- THE PROBLEM -
Exact duplicates of the lines from the top of the data through the line containing "A white uppercase" are needed, with every picture left out.

─── GIVEN ENTRIES ───

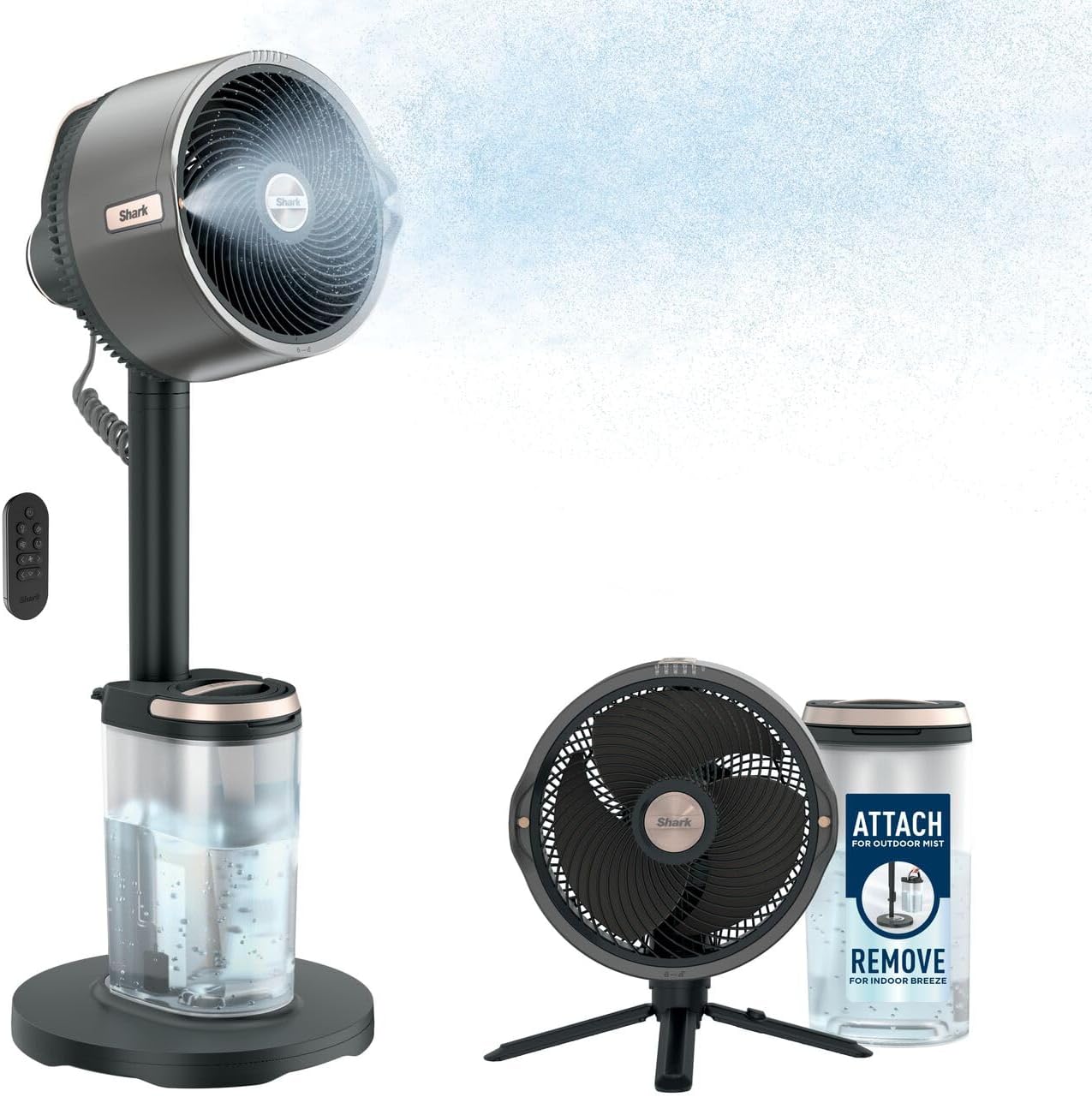 Shark FlexBreeze Pro Mist kabelloser Innen- & Au?enventilator mit Au?ennebelsystem, Nebelventilator, 35 cm, 7 kg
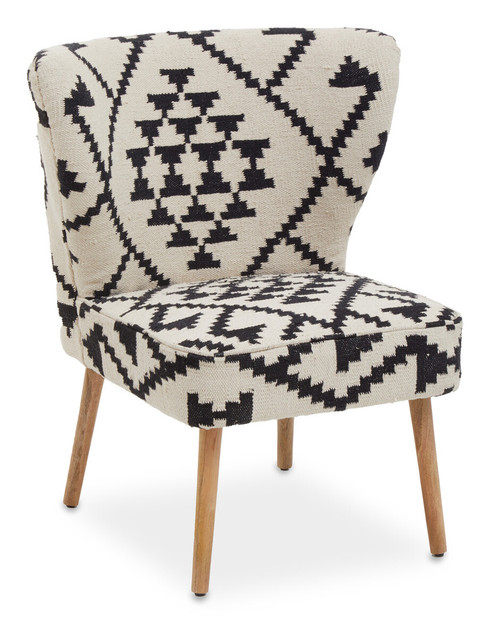 Cefena White and Black Berber Style Mango Wood Chair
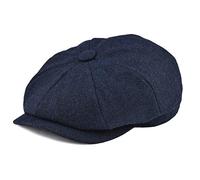 BOTVELA Men's 8 Piece Wool Blend Newsboy Flat Cap Herringbone Pattern Tweed Hat (Navy, 7 3/8)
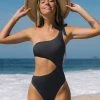 CUPSHE One Pieces Portofino Escape One Shoulder Tie One Piece Swimsuit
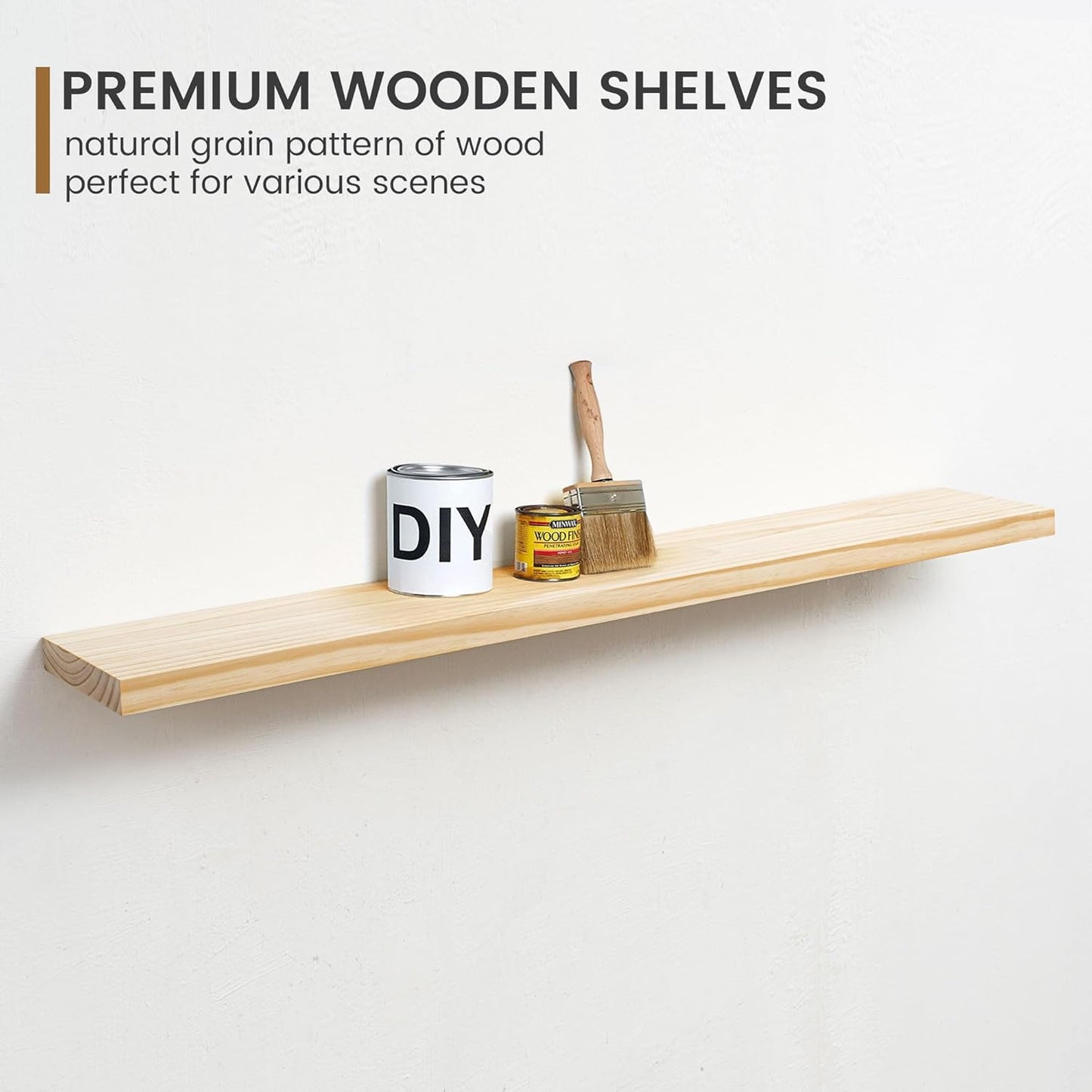 Floating Shelves 36 Inches Long - 8 Inch Deep Rustic Premium Solid Pine Wood for Storage - Farmhouse Wall Mounted for Living Room - Heavy-Duty Metal Bracket - 36" W x 8" D - Set of 2 - White Color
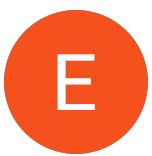 A white uppercase letter 'E' centered on a bright orange circular background.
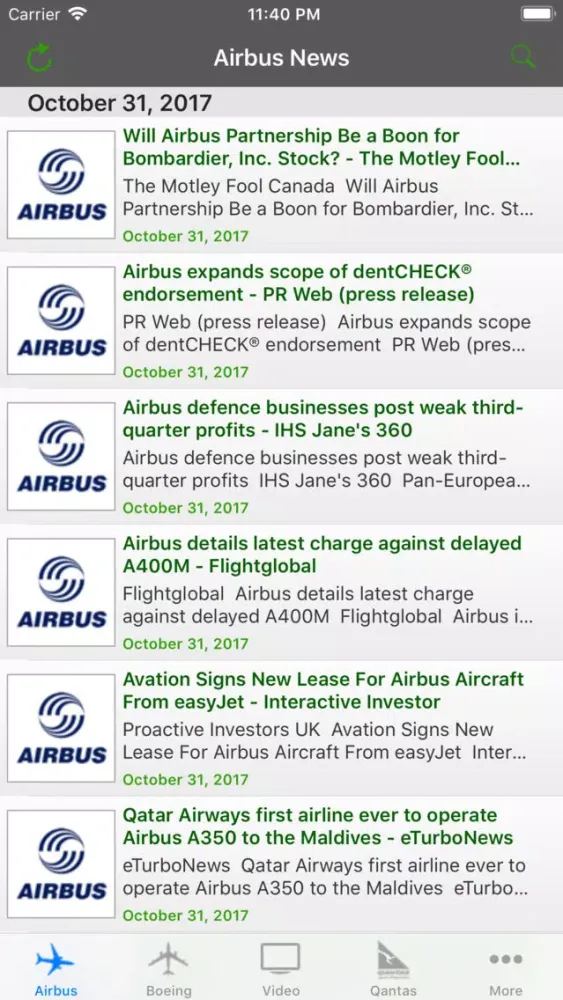 Captures d'écran de Aviation Airline News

───

- EXERCISE RESULT -
 Shark FlexBreeze Pro Mist kabelloser Innen- & Au?enventilator mit Au?ennebelsystem, Nebelventilator, 35 cm, 7 kg
 Cefena White and Black Berber Style Mango Wood Chair
 BOTVELA Men's 8 Piece Wool Blend Newsboy Flat Cap Herringbone Pattern Tweed Hat (Navy, 7 3/8)
 CUPSHE One Pieces Portofino Escape One Shoulder Tie One Piece Swimsuit
 Floating Shelves 36 Inches Long - 8 Inch Deep Rustic Premium Solid Pine Wood for Storage - Farmhouse Wall Mounted for Living Room - Heavy-Duty Metal Bracket - 36" W x 8" D - Set of 2 - White Color
 A white uppercase letter 'E' centered on a bright orange circular background.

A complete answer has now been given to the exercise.